Fifty years after carving his house into a cliff, Israeli man faces eviction
An Israeli man who literally carved out a home for himself in seaside cliffs faces eviction after having lived there for 50 years.
“I really love the sea,” Nissim Kahlon told the Tazpit Press Service. “I don’t have money to buy a home.”
Wearing a yellow t-shirt with a four-cornered fringed religious garment known as tzitzit on top and large gray knit skullcap, he showed TPS around his home.
The home is carved into a seaside cliff on the outskirts of the upscale city of Herzliya. What began as an eight-meter-wide room, is a now warren of rooms, tunnels and stairs decorated with sea shells, wood, stones, glass and ceramics of all colours. Despite a heat wave, the house is surprisingly cool and airy. The home is connected to electricity and plumbing, and the kitchen sports a gas stove.
Other than conversation, the only sounds were the tinkling of hanging decorations swaying in the breeze and the crashing of the nearby waves.

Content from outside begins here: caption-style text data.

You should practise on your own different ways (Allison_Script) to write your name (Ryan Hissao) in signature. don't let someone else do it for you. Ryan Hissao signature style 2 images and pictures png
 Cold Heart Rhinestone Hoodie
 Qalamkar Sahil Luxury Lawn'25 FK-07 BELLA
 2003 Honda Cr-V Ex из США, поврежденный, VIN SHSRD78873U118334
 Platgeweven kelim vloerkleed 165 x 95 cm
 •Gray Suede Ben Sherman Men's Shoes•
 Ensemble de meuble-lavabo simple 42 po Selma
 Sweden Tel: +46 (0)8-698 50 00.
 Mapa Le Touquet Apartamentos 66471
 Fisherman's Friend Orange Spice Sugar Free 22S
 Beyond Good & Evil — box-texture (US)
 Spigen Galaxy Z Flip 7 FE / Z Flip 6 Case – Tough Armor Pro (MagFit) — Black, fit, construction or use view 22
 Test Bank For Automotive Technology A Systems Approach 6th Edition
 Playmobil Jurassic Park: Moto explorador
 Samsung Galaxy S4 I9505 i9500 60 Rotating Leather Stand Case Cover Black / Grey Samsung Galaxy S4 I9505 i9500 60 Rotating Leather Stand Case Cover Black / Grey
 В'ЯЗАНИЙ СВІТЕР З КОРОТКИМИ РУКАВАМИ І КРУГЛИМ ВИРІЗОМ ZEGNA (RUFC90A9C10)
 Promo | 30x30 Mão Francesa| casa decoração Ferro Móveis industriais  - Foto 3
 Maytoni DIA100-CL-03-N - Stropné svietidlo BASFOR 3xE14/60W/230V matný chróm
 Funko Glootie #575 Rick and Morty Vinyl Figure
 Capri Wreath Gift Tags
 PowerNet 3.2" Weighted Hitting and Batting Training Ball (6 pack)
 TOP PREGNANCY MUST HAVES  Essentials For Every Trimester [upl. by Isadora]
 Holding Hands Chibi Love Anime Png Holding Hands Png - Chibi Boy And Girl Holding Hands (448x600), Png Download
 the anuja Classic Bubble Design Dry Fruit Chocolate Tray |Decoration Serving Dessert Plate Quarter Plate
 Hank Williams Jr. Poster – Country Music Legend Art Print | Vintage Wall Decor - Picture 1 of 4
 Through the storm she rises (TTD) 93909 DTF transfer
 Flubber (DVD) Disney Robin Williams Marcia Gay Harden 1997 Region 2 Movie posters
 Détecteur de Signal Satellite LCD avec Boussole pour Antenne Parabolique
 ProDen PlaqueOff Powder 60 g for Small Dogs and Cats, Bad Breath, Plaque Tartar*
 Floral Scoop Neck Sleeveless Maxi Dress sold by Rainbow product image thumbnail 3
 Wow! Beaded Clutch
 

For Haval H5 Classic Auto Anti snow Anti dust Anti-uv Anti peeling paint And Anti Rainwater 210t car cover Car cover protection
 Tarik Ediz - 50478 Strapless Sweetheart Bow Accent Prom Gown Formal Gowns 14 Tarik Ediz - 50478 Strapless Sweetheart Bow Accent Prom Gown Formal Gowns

Kahlon, now 77, was recently served with an eviction notice by Israel’s Environmental Protection Ministry. The ministry says the home was illegally built and threatens the coastline.
In a statement to TPS, the Environmental Protection Ministry called the house “a significant environmental and security, hazard, according to professional reviews on behalf of the Herzliya Municipality, which is subordinate to the ministry.”
The statement added, “In the reviews that the Herzliya Municipality has released throughout the years, it seems that the building is dangerous and that the cliff is falling apart. The municipality even informed the ministry that they have alternative accommodational solutions.”
Explosions at an abandoned military facility near Kahlon’s home have further weakened the cliff, the ministry said. Improperly stored gunpowder in an old ammunition factory exploded, leaving a crater in the ground in June. And in 1992, explosives at the facility blew up, killing two people.
Kahlon doesn’t deny that he’s been squatting. He was 29 when he first came to the cliff with a shovel and pick. But Khalon questions why authorities armed with an eviction notice didn’t remove him in 1974.
“Fourteen cars came. Police, Border Patrol, city inspectors,” Kahlon recalled. “I thought, ‘Nissim, this is not your day.’”
They were there for half an hour without evicting Kahlon or demolishing the home. He wasn’t given an explanation.
“‘Thank God they left,’ I said.”
He also stresses that in 1992, the house was connected for electricity and water. The home does not have a telephone or internet connection, and people who want to reach Kahlon instead call a social worker who knows him.
The ministry and the Israel Land Authority reportedly intend to seal the rooms he carved into the cliff.
Kahlon is appealing the eviction order. Family and friends began a crowdfunding campaign to cover his legal expenses.
Asked where he will go if authorities follow through on the eviction, Kahlon shrugs.
“I have no place to go.”
I hardly know what to say! What a creative man and one who exists in simple fashion without the digital necessities that are turning human beings into something other, who don’t care for a sea view or the sound of the waves, but tune into their smart phones instead.
I hope something is found for Nissim Kahlon that suits his person and his purpose.